**WHAT TO DO**
The records that follow must be printed exactly as they are.

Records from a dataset
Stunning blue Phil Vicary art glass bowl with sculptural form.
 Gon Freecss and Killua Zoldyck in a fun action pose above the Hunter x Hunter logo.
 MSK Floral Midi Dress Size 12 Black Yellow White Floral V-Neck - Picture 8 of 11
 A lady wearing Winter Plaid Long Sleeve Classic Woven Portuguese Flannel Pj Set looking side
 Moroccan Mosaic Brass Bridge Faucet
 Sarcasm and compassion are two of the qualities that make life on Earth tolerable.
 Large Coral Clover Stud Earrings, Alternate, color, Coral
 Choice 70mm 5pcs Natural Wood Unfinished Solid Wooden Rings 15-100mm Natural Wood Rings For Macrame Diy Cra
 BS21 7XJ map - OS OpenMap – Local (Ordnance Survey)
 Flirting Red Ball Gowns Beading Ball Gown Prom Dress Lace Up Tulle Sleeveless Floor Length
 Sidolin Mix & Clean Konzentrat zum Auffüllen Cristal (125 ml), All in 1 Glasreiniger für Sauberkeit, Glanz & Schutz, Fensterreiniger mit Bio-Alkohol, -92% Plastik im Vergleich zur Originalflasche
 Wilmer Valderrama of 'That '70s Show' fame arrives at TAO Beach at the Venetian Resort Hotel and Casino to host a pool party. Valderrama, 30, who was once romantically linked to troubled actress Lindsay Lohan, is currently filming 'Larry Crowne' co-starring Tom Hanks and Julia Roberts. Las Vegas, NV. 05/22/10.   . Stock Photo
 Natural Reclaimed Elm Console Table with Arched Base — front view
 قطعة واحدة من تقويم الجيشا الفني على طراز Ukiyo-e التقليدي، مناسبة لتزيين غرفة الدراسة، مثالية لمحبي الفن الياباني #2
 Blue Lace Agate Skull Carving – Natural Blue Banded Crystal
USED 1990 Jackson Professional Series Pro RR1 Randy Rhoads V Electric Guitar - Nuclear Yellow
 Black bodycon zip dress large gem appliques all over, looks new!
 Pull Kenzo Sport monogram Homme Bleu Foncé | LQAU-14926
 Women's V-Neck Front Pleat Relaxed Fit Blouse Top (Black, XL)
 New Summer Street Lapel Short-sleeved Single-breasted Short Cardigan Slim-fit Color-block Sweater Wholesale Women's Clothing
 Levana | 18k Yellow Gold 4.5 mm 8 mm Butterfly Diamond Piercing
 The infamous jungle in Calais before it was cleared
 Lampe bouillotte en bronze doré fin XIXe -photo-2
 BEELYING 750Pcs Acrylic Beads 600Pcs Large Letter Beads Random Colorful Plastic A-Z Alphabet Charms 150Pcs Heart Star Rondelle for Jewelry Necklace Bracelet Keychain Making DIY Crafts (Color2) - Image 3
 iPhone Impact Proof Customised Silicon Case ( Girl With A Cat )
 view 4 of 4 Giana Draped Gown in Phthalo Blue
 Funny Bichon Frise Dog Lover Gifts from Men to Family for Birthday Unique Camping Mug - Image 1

**EXERCISE RESULT**
Stunning blue Phil Vicary art glass bowl with sculptural form.
 Gon Freecss and Killua Zoldyck in a fun action pose above the Hunter x Hunter logo.
 MSK Floral Midi Dress Size 12 Black Yellow White Floral V-Neck - Picture 8 of 11
 A lady wearing Winter Plaid Long Sleeve Classic Woven Portuguese Flannel Pj Set looking side
 Moroccan Mosaic Brass Bridge Faucet
 Sarcasm and compassion are two of the qualities that make life on Earth tolerable.
 Large Coral Clover Stud Earrings, Alternate, color, Coral
 Choice 70mm 5pcs Natural Wood Unfinished Solid Wooden Rings 15-100mm Natural Wood Rings For Macrame Diy Cra
 BS21 7XJ map - OS OpenMap – Local (Ordnance Survey)
 Flirting Red Ball Gowns Beading Ball Gown Prom Dress Lace Up Tulle Sleeveless Floor Length
 Sidolin Mix & Clean Konzentrat zum Auffüllen Cristal (125 ml), All in 1 Glasreiniger für Sauberkeit, Glanz & Schutz, Fensterreiniger mit Bio-Alkohol, -92% Plastik im Vergleich zur Originalflasche
 Wilmer Valderrama of 'That '70s Show' fame arrives at TAO Beach at the Venetian Resort Hotel and Casino to host a pool party. Valderrama, 30, who was once romantically linked to troubled actress Lindsay Lohan, is currently filming 'Larry Crowne' co-starring Tom Hanks and Julia Roberts. Las Vegas, NV. 05/22/10.   . Stock Photo
 Natural Reclaimed Elm Console Table with Arched Base — front view
 قطعة واحدة من تقويم الجيشا الفني على طراز Ukiyo-e التقليدي، مناسبة لتزيين غرفة الدراسة، مثالية لمحبي الفن الياباني #2
 Blue Lace Agate Skull Carving – Natural Blue Banded Crystal
USED 1990 Jackson Professional Series Pro RR1 Randy Rhoads V Electric Guitar - Nuclear Yellow
 Black bodycon zip dress large gem appliques all over, looks new!
 Pull Kenzo Sport monogram Homme Bleu Foncé | LQAU-14926
 Women's V-Neck Front Pleat Relaxed Fit Blouse Top (Black, XL)
 New Summer Street Lapel Short-sleeved Single-breasted Short Cardigan Slim-fit Color-block Sweater Wholesale Women's Clothing
 Levana | 18k Yellow Gold 4.5 mm 8 mm Butterfly Diamond Piercing
 The infamous jungle in Calais before it was cleared
 Lampe bouillotte en bronze doré fin XIXe -photo-2
 BEELYING 750Pcs Acrylic Beads 600Pcs Large Letter Beads Random Colorful Plastic A-Z Alphabet Charms 150Pcs Heart Star Rondelle for Jewelry Necklace Bracelet Keychain Making DIY Crafts (Color2) - Image 3
 iPhone Impact Proof Customised Silicon Case ( Girl With A Cat )
 view 4 of 4 Giana Draped Gown in Phthalo Blue
 Funny Bichon Frise Dog Lover Gifts from Men to Family for Birthday Unique Camping Mug - Image 1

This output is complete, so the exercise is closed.